These records are to be written out exactly as they read, minus the pictures.

Short text fragments from websites:
*** Block opens ***

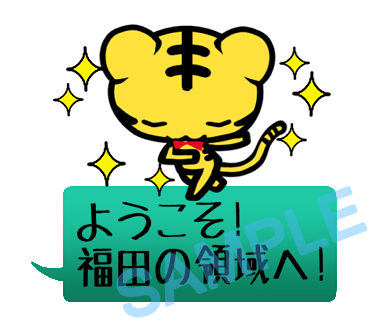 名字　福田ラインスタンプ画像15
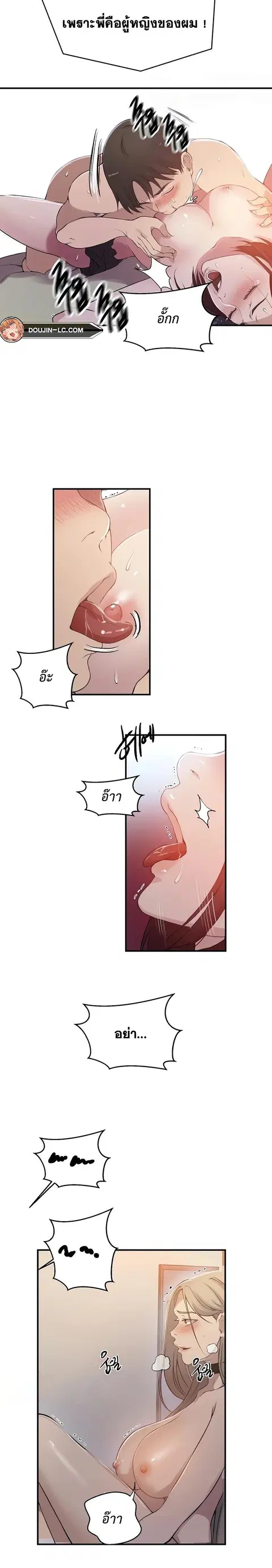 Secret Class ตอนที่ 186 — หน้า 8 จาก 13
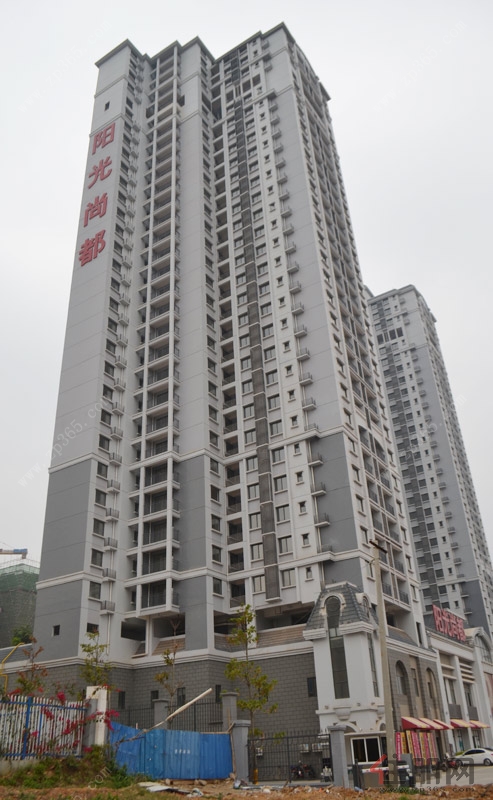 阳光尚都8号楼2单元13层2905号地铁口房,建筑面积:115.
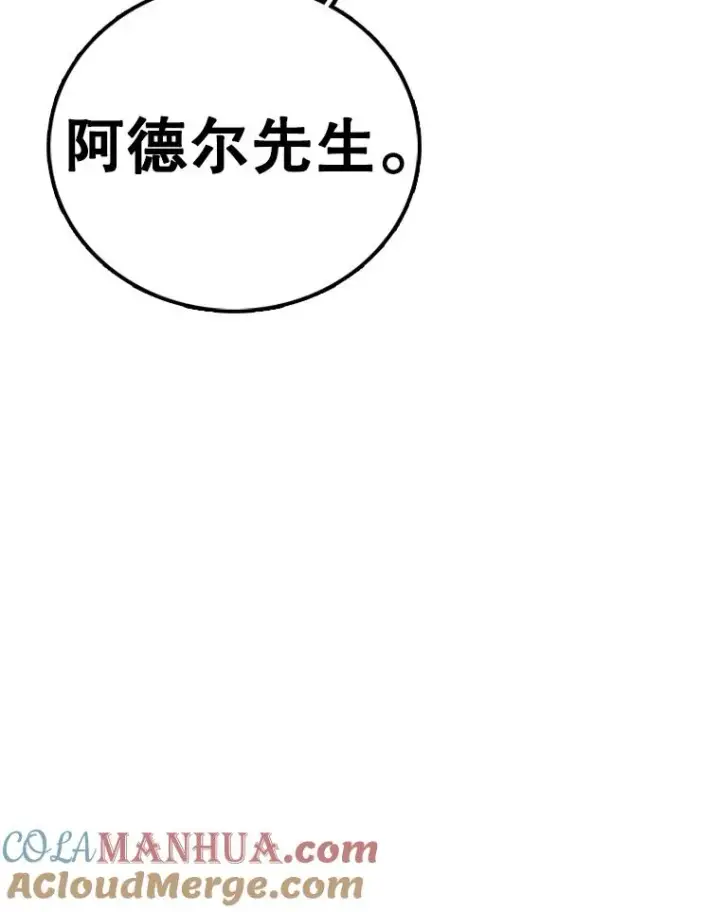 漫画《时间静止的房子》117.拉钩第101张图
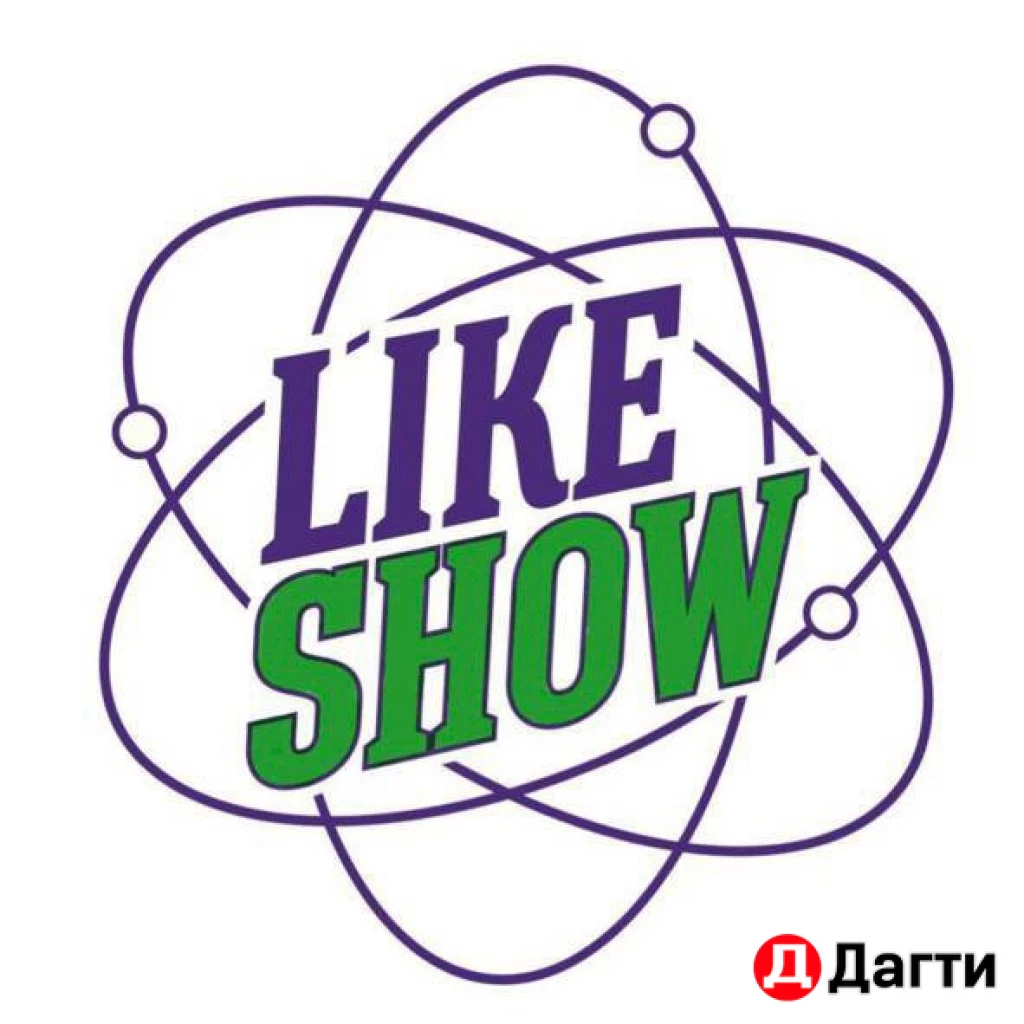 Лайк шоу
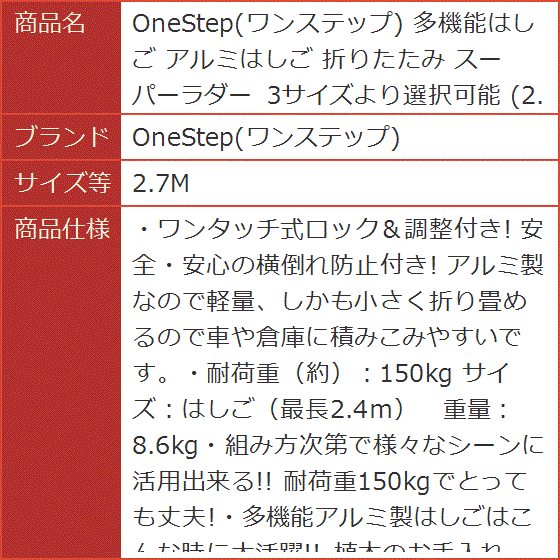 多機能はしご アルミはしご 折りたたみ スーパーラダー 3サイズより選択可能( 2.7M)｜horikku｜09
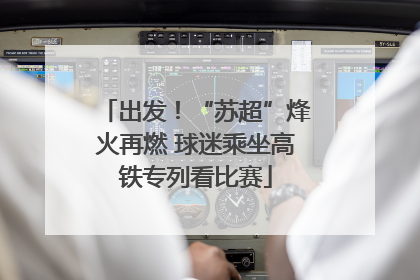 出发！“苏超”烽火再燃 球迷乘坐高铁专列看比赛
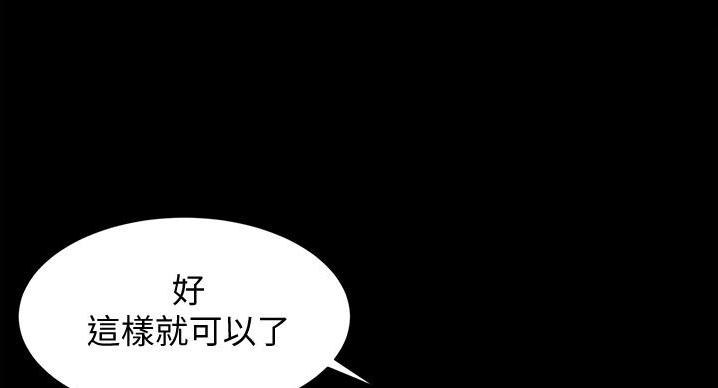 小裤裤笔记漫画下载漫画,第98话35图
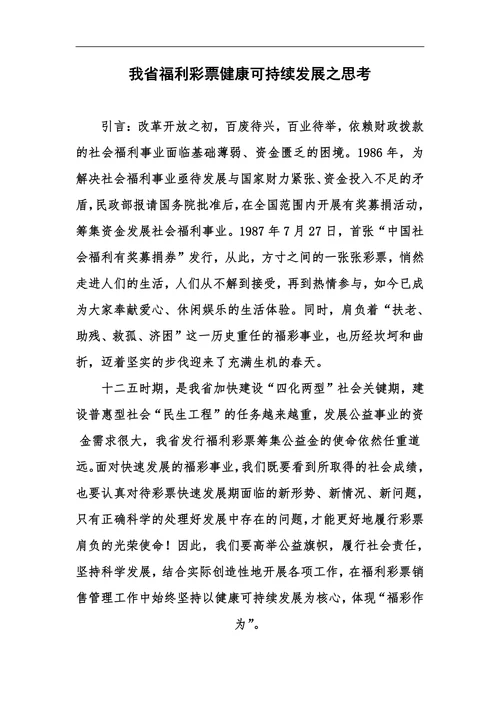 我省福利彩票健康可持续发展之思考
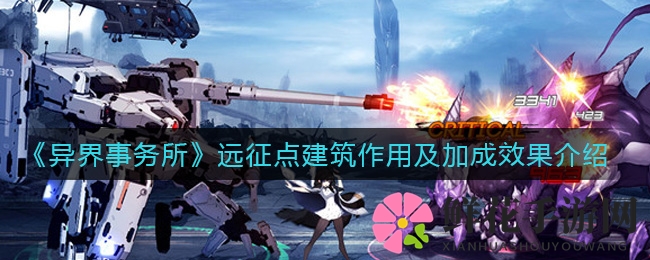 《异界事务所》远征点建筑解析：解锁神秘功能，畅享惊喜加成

*** Block closes ***

#### Response below
 名字　福田ラインスタンプ画像15
 Secret Class ตอนที่ 186 — หน้า 8 จาก 13
 阳光尚都8号楼2单元13层2905号地铁口房,建筑面积:115.
 漫画《时间静止的房子》117.拉钩第101张图
 Лайк шоу
 多機能はしご アルミはしご 折りたたみ スーパーラダー 3サイズより選択可能( 2.7M)｜horikku｜09
 出发！“苏超”烽火再燃 球迷乘坐高铁专列看比赛
 小裤裤笔记漫画下载漫画,第98话35图
 我省福利彩票健康可持续发展之思考
 《异界事务所》远征点建筑解析：解锁神秘功能，畅享惊喜加成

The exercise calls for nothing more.